Emily Beswick finds the best bottles for under a fiver

Apologies are first in order. Avid readers of our section may be disappointed at the lack of our regular restaurant review column this week—partly due to the infamous affliction of “Fifth Week blues”, but mainly because a review-able restaurant didn’t really fit with our £20 challenge (see food diary). Also, who really wants to eat out in seventh week anyway? It is definitely the week to save money for the mad rush of eighth week, while enjoying the penultimate series of club nights. In the spirit of this, your dedicated food and drink editors trawled through the wine aisle in Tesco to find the best bargain wines, as well as the ones to avoid at all costs.

Echo Falls Rose Summer Berries (£4)

A dependable wine for a night out, this is my default choice.
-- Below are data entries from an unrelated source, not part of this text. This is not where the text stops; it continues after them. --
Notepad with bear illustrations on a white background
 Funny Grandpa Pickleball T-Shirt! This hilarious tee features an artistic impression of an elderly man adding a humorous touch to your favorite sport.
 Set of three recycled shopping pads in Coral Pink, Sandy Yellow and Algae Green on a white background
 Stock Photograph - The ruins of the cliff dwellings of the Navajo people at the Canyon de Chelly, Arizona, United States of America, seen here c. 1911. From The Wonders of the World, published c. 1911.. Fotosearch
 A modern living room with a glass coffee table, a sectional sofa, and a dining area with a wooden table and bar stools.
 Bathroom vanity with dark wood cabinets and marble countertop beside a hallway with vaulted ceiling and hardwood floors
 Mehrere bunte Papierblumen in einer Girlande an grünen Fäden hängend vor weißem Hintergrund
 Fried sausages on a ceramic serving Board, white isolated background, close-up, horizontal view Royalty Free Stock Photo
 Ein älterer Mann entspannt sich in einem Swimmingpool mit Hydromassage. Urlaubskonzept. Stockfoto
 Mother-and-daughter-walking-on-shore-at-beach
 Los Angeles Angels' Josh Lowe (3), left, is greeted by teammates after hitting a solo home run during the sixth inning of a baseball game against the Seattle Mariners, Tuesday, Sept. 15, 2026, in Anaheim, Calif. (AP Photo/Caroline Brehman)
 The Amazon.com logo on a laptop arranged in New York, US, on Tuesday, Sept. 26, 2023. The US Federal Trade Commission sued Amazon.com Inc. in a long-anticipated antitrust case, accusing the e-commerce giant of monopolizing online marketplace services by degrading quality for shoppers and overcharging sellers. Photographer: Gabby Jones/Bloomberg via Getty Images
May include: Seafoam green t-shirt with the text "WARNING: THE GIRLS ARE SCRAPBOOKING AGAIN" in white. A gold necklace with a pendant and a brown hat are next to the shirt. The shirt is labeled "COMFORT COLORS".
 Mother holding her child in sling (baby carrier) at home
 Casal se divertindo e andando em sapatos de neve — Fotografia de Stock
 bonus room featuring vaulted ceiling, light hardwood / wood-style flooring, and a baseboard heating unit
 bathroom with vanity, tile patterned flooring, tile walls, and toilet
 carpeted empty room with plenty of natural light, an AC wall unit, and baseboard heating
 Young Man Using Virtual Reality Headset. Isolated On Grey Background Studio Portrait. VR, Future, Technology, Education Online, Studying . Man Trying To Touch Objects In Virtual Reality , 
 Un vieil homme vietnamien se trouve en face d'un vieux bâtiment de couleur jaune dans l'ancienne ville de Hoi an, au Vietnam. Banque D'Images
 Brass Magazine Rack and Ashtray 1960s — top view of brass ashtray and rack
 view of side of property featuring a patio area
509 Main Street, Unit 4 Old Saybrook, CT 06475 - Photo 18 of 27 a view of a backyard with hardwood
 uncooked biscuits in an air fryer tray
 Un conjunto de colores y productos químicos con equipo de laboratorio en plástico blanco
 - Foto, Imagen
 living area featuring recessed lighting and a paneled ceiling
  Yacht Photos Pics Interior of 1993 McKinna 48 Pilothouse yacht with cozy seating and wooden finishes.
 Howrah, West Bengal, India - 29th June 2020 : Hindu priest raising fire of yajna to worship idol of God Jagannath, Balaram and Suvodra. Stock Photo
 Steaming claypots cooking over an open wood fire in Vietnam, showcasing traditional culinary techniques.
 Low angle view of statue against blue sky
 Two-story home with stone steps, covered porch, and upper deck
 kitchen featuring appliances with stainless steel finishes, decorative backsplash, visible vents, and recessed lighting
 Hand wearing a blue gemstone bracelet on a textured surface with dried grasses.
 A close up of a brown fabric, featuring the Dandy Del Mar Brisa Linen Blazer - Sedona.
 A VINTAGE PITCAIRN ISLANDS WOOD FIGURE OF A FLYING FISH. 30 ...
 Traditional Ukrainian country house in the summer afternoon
The sweet fruity taste and intoxicating scent may be overwhelming for some, but the advantage of this wine is that it tastes just like juice—perfect for downing glasses at crew dates. If summer berries isn’t your favourite flavour, Echo Falls also offer strawberry and lime flavoured rose, as well as white grape, and white peach and mango white wine (£3.95). But stay away from the raspberry and cassis red wine—those flavours should never have been mixed together.

Tesco Spanish White Wine (£3.50)

I have a friend who swears by this wine—indeed, I would venture this is one of Oxford’s favourite cheap wines. At £3.50 it certainly is one of the cheapest, most reliable wines on offer. Although I couldn’t detect much evidence of “lemony apple flavours” or a “crisp, dry finish” (as advertised), this wine undoubtedly improved the more you drank. Usage advice: keep calm and carry on.

Tesco Australian Rose (£3.95)

After deciding to spend 45p more and upgrade from a Spanish to an Australian Rose, we were expecting this rose to be mildly drinkable. Unlike the Spanish white, this rose seemed to deteriorate in flavour the more you drank, which made it quite inconvenient at the crewdate I was on. The first few glasses were moderately awful, but the bitter, unpleasant aftertaste forced me to stop drinking completely.

Tesco Cabernet Sauvignon (£4.25)

Finally, on to the reds. This wine certainly looked the part: the red lid and classy label gave the bottle a more expensive air. But the drink within was dire—supposedly “full of ripe, juicy berry flavours”, all I could perceive was the sour taste of regret. The moral of the story? Drinkable, cheap red wine is an oxymoron.